Nubank 自建日志平台，优化成本与效率

Crane Worldwide Logistics Joins Streamfest 2025 — Hear Their Story (Sponsored)

Join us November 5-6 for Redpanda Streamfest, the two-day online event exploring the future of streaming data and real-time AI. Jared Noynaert, VP of Engineering at Crane Worldwide Logistics, will share insights on the fundamentals of modern data infrastructure — from isolation and auto-scaling to branching and serverless models that redefine how organizations scale. It’s a forward-looking look at the principles shaping next-generation architectures and where Redpanda and the broader Kafka ecosystem fit in. Streamfest features keynotes, demos, and case studies from engineers building the systems of tomorrow.

Disclaimer: The details in this post have been derived from the details shared online by the Nubank Engineering Team. All credit for the technical details goes to the Nubank Engineering Team. The links to the original articles and sources are present in the references section at the end of the post. We’ve attempted to analyze the details and provide our input about them. If you find any inaccuracies or omissions, please leave a comment, and we will do our best to fix them.

When a company grows rapidly, its technical systems are often pushed to their limits.

This is exactly what happened with Nubank, one of the largest digital banks in the world.

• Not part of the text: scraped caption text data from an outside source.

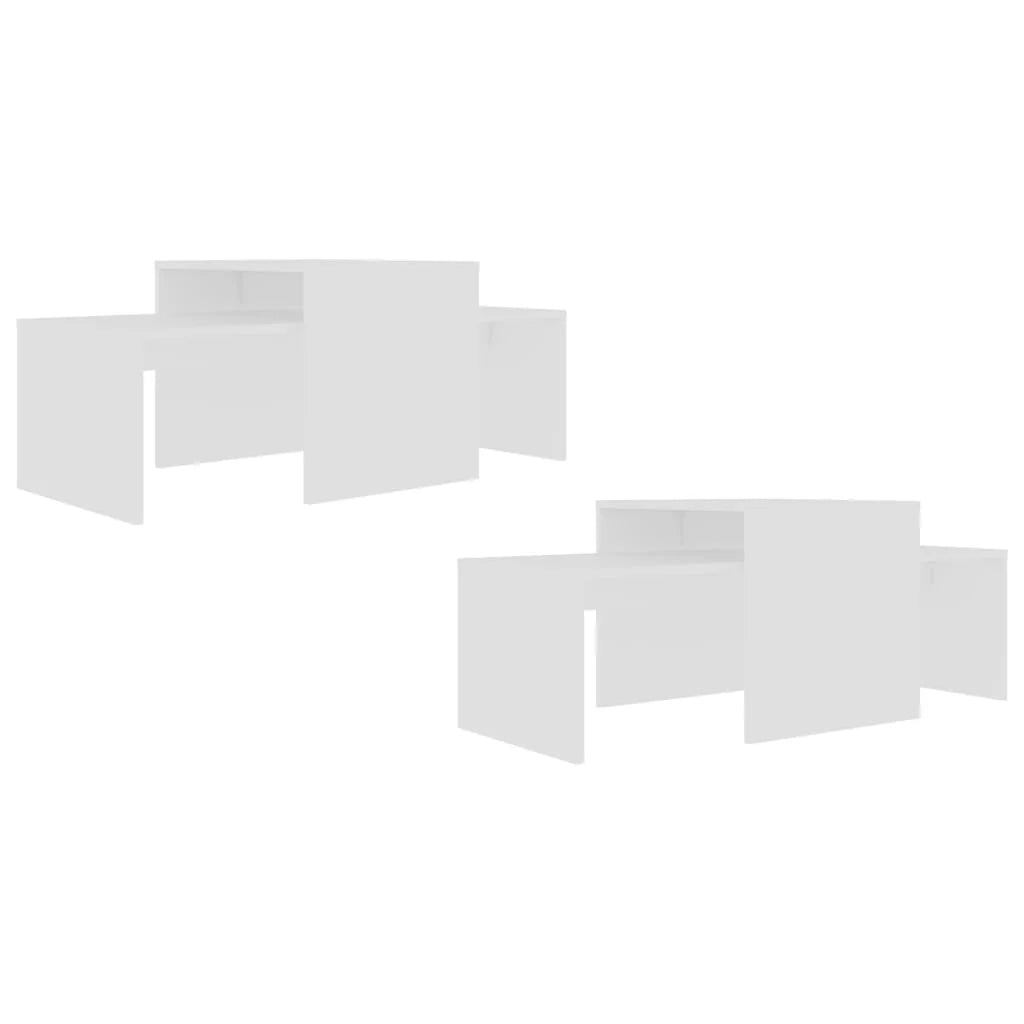 Set di tavolini da caffè 100 x 48 x 40 cm in legno ingegnerizzato bianco 02_0042124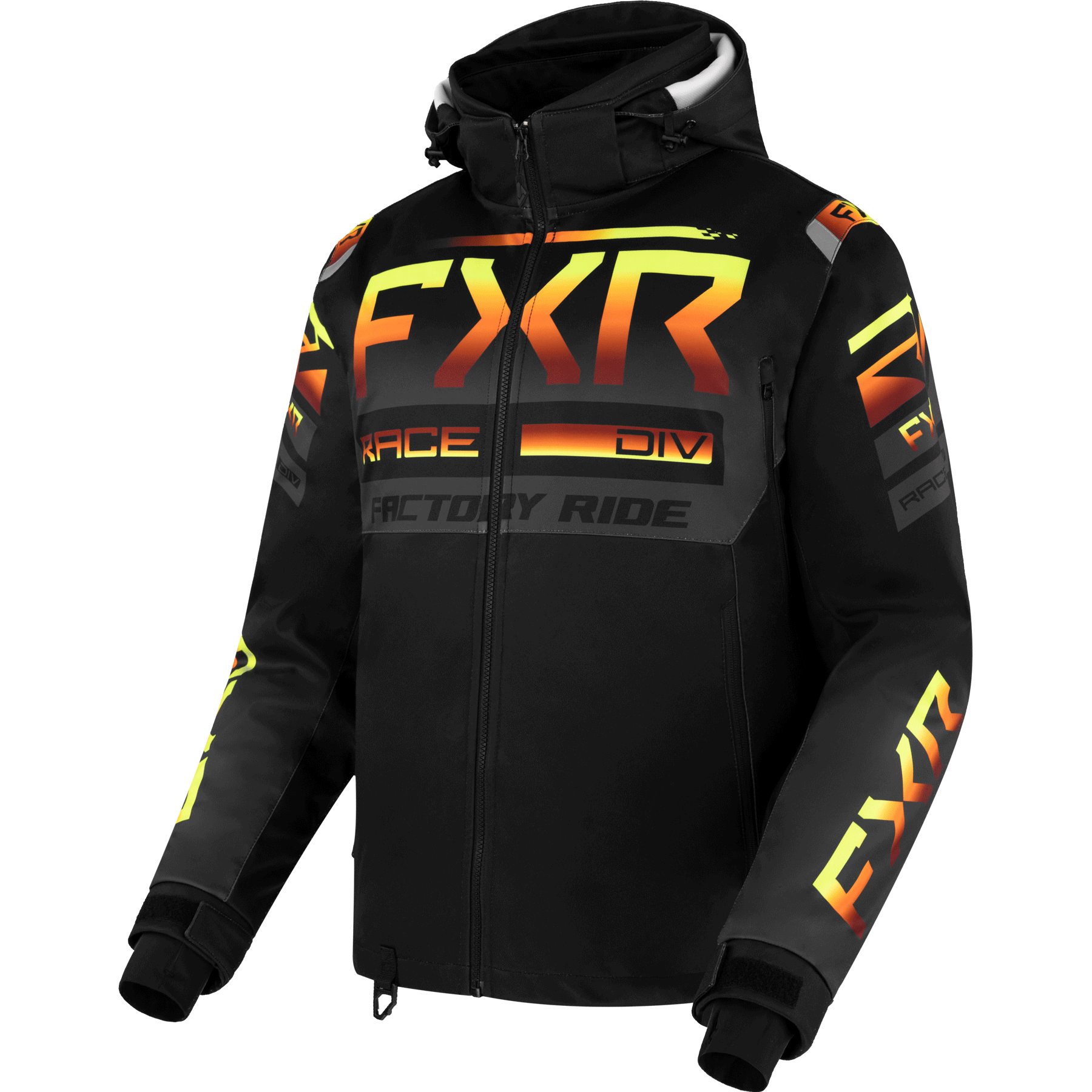 FXR RRX Jacket - Black/Char/Inferno - M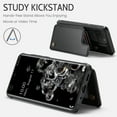 thumbnail image 3 of Feishell for Samsung Galaxy S20 Ultra Case with Card Holder, Wallet Case for Women Men with RFID Blocking, Durable PU Leather Kickstand Magnetic Clasp Shockproof Phone Case,Black, 3 of 9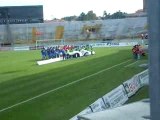 Pisa-Piacenza...Ingresso in campo...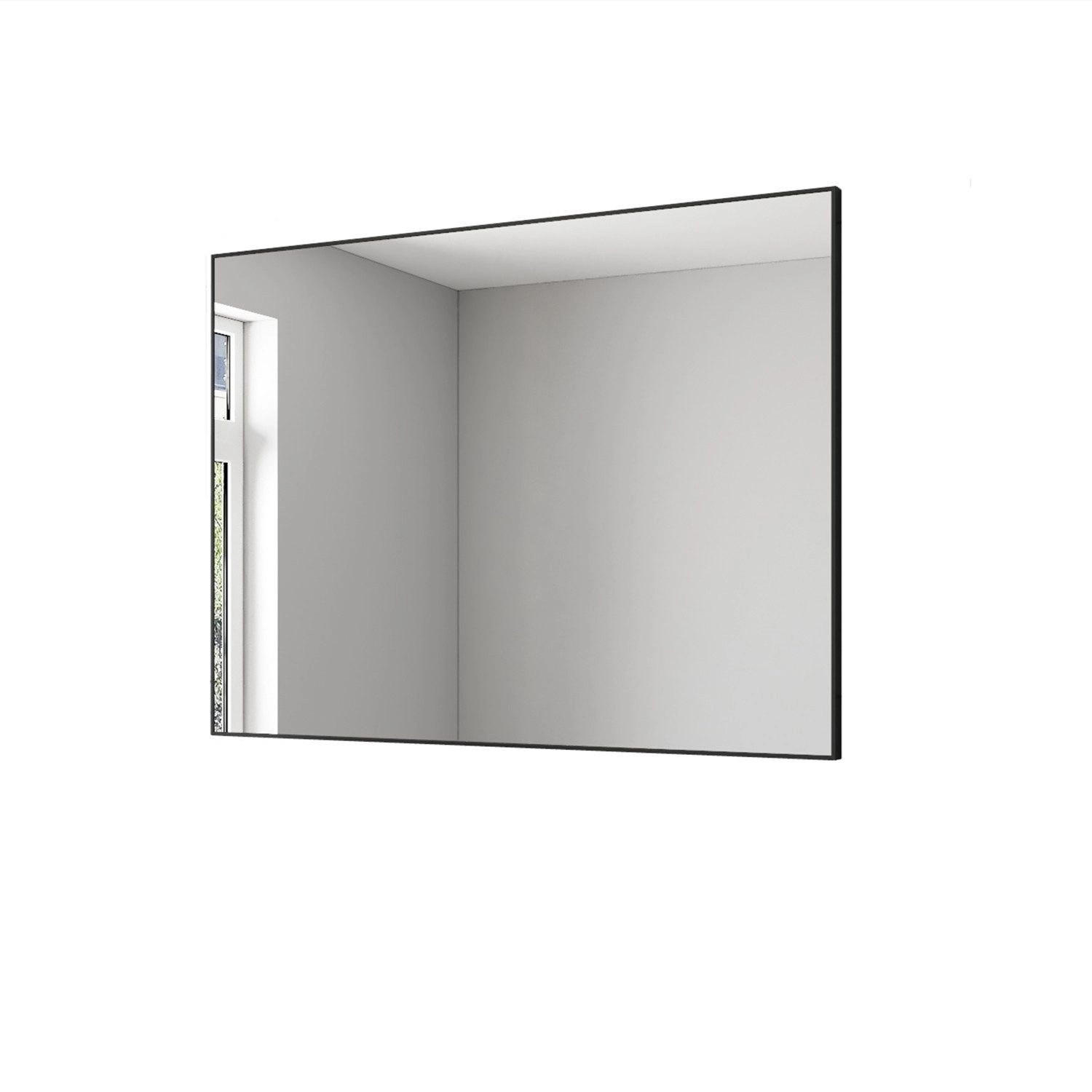 Aquabatos Badspiegel Wandspiegel 80 x 60 cm Badezimmerspiegel für Badezimme günstig online kaufen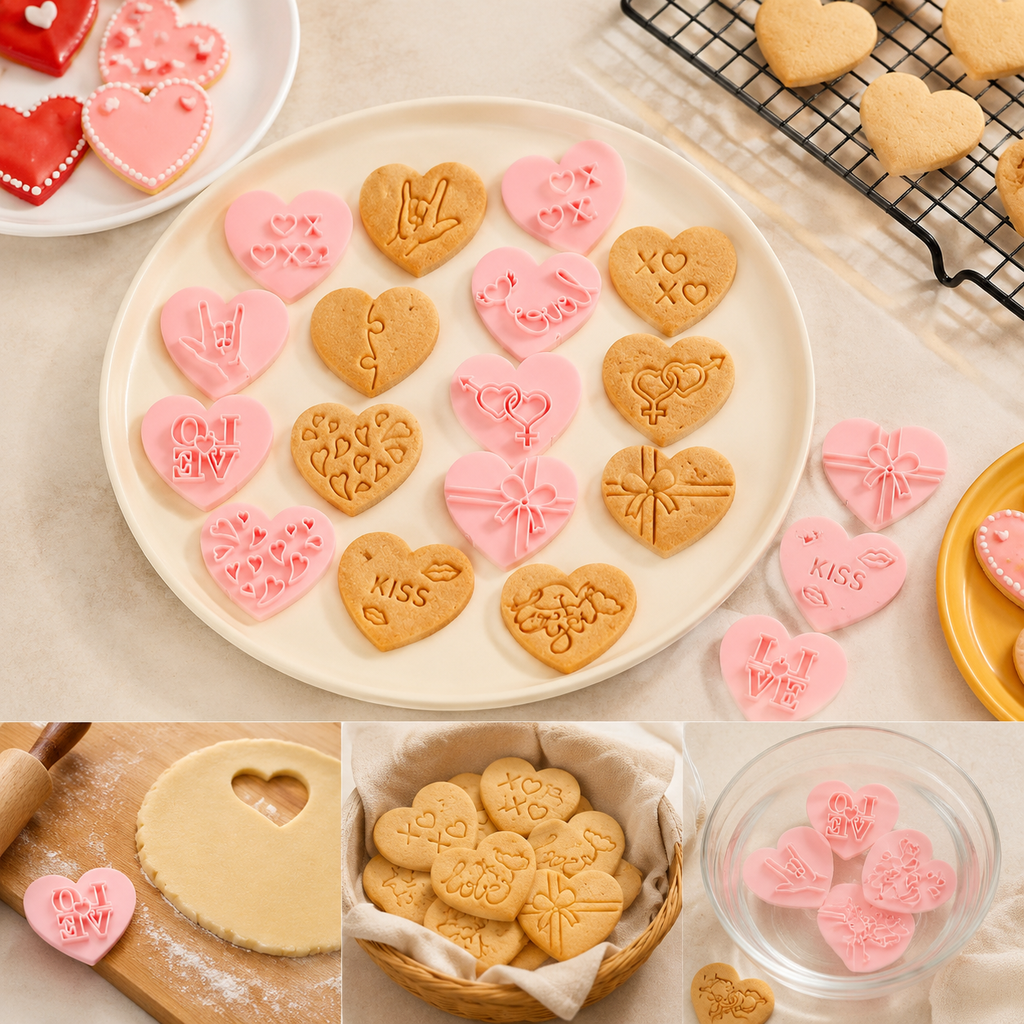 Heart Shape 10pcs Baking Mold  - огляд і ціна Kitchen Accessories For Baking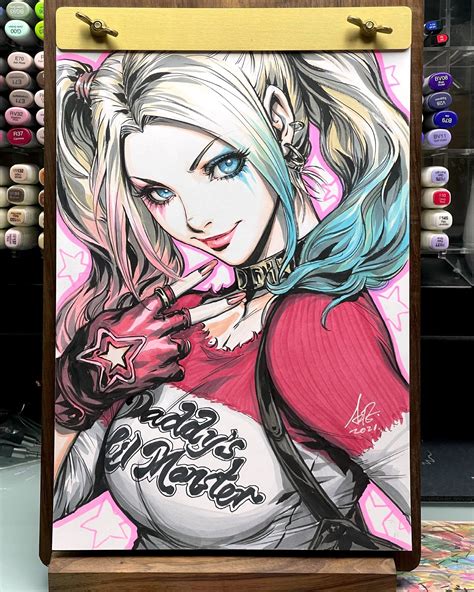 Stanley Artgerm Lau On Twitter Harley Quinn Artwork Harley Quinn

As the company scaled its operations, the logging platform it relied on began to show serious cracks. Logging may sound like a small part of a tech stack, but it plays a critical role. Every time a service runs, it generates logs that help engineers understand what is happening behind the scenes. These logs are essential for monitoring systems, fixing problems quickly, and keeping the platform stable.

Nubank was using an external vendor to handle its log ingestion and storage. Over time, this setup became both costly and difficult to manage. The engineering team had very limited visibility into how logs were collected and stored, which made troubleshooting production issues harder. If something went wrong, they could not always trust that the logs they needed would be available.

Costs were also rising fast, with no clear way to predict future spending. The only way to handle more load was to pay more money. On top of that, important tools like alerts and dashboards were tied directly to the vendor’s platform, making it difficult to change providers. Finally, whenever log ingestion spiked, it would slow down the querying process, affecting incident response.

These challenges pushed Nubank to build its own in-house logging platform to take back control, reduce costs, and ensure a stable foundation for its fast-growing systems.

In this article, we will look at how Nubank built its in-house logging platform and the challenges the team faced.

The Initial Logging Architecture

Before building its own logging platform, Nubank relied entirely on a third-party vendor.

The setup was straightforward. Every application inside the company sends its logs directly to the vendor’s forwarder or API. This worked well in the early days because the number of services was smaller, the log volume was manageable, and the system was simple to maintain.

However, as the company grew, this basic setup began to fall apart due to the following reasons:

The first problem was the lack of control over incoming data. Logs were sent as they were generated, with no way to filter out unnecessary information or route different kinds of logs to different places. This meant the system was processing a lot of data that didn’t always add value, driving up costs.

Another major issue was limited visibility into the logging pipeline. If something failed inside the vendor’s platform, the engineering team had little insight into where or why it happened. These “blind spots” made it difficult to detect problems early or trust that logs were being handled correctly.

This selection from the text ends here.